Des luttes exceptionnelles des deux côtés du Rhin

Deux mobilisations sociales majeures aux dimensions inédites, voire historiques ont touché la France et l’Allemagne quasiment au même moment en ce printemps 2023 : l’une contre l’allongement de deux ans du temps de travail avec le report à 64 ans de l’âge de départ à la retraite, l’autre contre les baisses de salaires provoquées par les records d’inflation mesurés ces derniers mois outre Rhin. Les deux mouvements ont permis d’enregistrer des victoires d’étapes, parfois importantes. Mais ils n’ont pu empêcher les passages en force des dirigeants des deux pays.

En France, le combat sur les retraites demeure un enjeu majeur.

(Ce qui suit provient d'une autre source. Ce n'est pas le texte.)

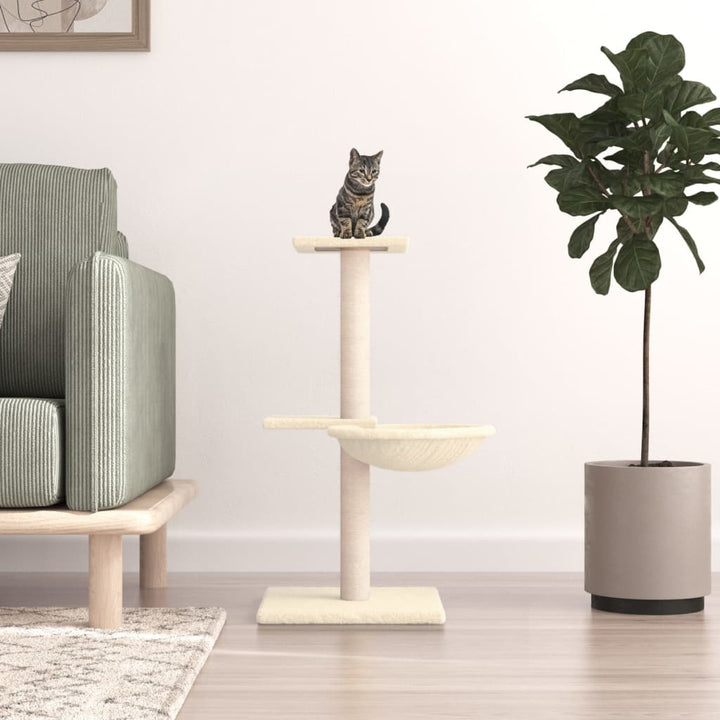 Cat Tree With Sisal Scratching Posts 72 Cm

Face à un président de la République qui n’entendait rien céder sur une réforme dont on sait désormais qu’elle va contribuer à fragiliser encore davantage les comptes sociaux et donc à susciter de nouvelles amputations du montant des retraites ou (et) de nouveaux reports de l’âge de départ.

En Allemagne, quelques puissantes fédérations syndicales, comme le syndicat des services VerDi ou celui des métallos, IG Metall, ont obtenu des hausses spectaculaires, de 6 % à plus de 10 %, des rémunérations. Les épisodes de grèves d’une ampleur et d’une durée record, démarrés dès la fin 2022 dans la métallurgie, ont été plutôt bien compris et même soutenus, à la surprise générale, par le reste de l’opinion qui a participé au mouvement en quelques sorte par procuration, singulièrement cette partie devenue si importante des salariés précarisés pour qui le droit de grève est devenu fictif.

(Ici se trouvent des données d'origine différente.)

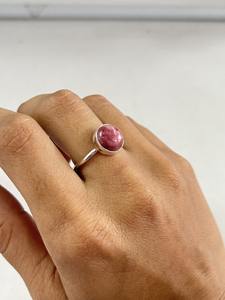 925 Sterling Silver Thulite Gemstone Ring Bijoux de mariage bohème faits à la main pour les femmes Pin Silver Design - Product Image 4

 Mais ces augmentations ont souvent été étalées dans le temps entre 2023 et 2024. Ce qui ne permet donc pas de couvrir entièrement les pertes subies par les travailleurs. D’autant qu’outre-Rhin, résultat des dérégulations et autres précarisations du monde du travail orchestrés ces deux dernières décennies, une majorité de salariés n’est plus couverte désormais par ces accords tarifaires (conventions collectives), dont la renégociation peut ouvrir la voie à de sensibles revalorisations salariales. C’est ainsi que globalement les salaires réels ont baissé en Allemagne de quelque 4,5 % en 2022, selon une enquête de l’office fédéral des statistiques Destatis. Avant une année 2023 qui n’est pas placée sous de meilleurs auspices.

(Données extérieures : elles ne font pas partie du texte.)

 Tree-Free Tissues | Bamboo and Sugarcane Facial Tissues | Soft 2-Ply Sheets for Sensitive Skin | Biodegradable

Un énorme potentiel de convergences

La convergence entre les deux grands mouvements français et allemand s’est exprimé jusque dans la rue, des syndicalistes allemands participant à plusieurs grands rassemblements français. Frank Werneke, le président du syndicat allemand VerDi des services, dénonça une réforme Macron qui, comme celles qui ont ravagé le système de retraites allemand, donnait une fois encore le « mauvais exemple» en Europe en visant « le système par répartition » et en incitant les salariés qui en avaient les moyens à migrer « vers des assurances privées ».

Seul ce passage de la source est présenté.